§ Exercise:
Nothing but the lines from the one with "The Titan’s Bride" down to the one with "achat maison charencey 61190" should be returned, exactly and with both ends included, from the material below.

§ Data section:
* * * * *

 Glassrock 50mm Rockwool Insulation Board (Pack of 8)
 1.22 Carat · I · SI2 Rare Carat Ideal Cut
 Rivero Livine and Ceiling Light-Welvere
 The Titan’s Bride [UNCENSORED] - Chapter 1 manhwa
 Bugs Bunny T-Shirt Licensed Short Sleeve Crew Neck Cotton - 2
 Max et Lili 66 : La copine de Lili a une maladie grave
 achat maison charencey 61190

* * * * *

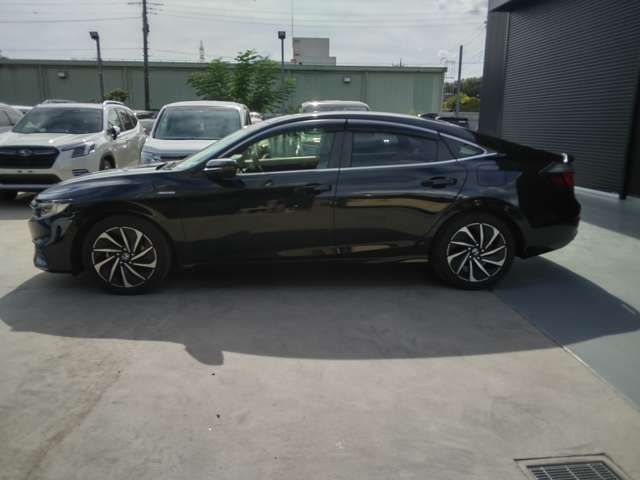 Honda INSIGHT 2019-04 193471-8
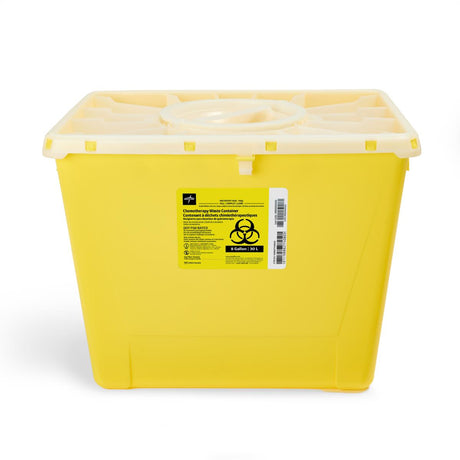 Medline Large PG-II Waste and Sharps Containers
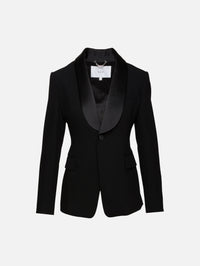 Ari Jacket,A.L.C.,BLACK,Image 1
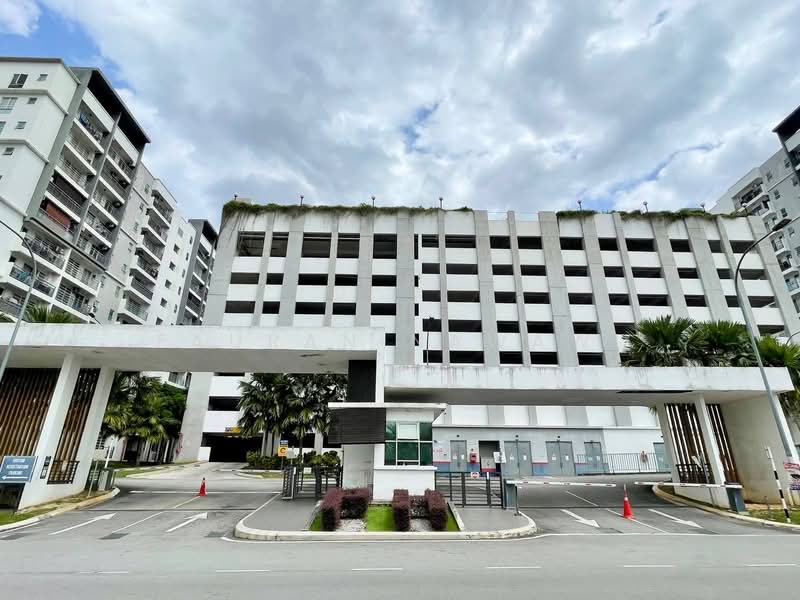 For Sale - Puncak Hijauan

* * * * *

§ Answer section:
 The Titan’s Bride [UNCENSORED] - Chapter 1 manhwa
 Bugs Bunny T-Shirt Licensed Short Sleeve Crew Neck Cotton - 2
 Max et Lili 66 : La copine de Lili a une maladie grave
 achat maison charencey 61190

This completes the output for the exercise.